Franchise Royalty Fees

Wednesday, February 15, 2012

When you first buy a franchise, the amount of fees can be tiresome to consider. In order to become a franchise owner, you have to pay a one-time initial fee to get started. The one-time initial fee is usually expensive. This is especially true for long established, world recognized franchises.

After you pay the initial fee, your fees are not over. You will still be required to pay royalty fees. These types of fees are paid to the franchise company quarterly, yearly or monthly. Royalty fees are a portion of your profit from your business. Different franchise companies require their business owners to calculate their profits in different ways. Generally, the accepted standard is to calculate their revenue minus their expenses. In order to determine what a business expense is, you have to carefully understand the franchise company’s policies. Paying a franchise royalty fees is unavoidable.

It is commonly accepted for a franchise company to require owners to pay them a percentage of their profits. This has the advantage that business owners are not paying a set fee during the slow periods of their business. The standard percentage can range up to 10% of their profits.

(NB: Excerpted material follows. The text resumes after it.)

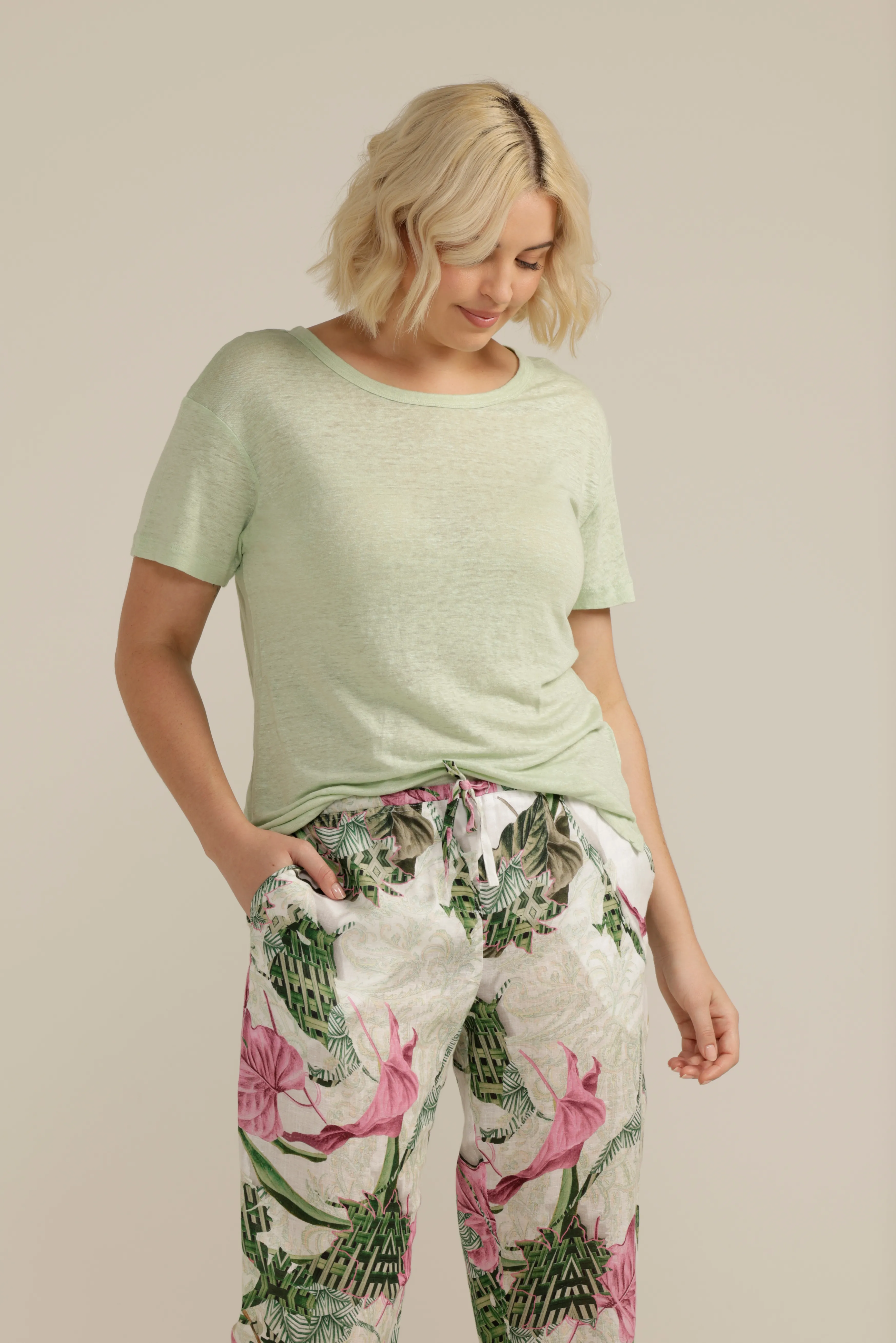 Linen Round Neck Tee Soft Green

A fixed sum payment is another way a franchise company can determine their fee. With this type of royalty, the business owner pays the same fee each period. This is beneficial when profits are high. However, when profits are low, they are still required to pay the same amount. For a business franchise that is bringing in a lot of profit each month, this is the best option. It is not a good option for new businesses that have not been established for a long period of time.

When you weigh the pros and cons of each option, it may be best to speak with a franchise consultant. A consultant is trained to help you look over your business plan and pick the best option for you and your goals. Without the training that a consultant has, it can be very difficult for you to make these decisions on your own.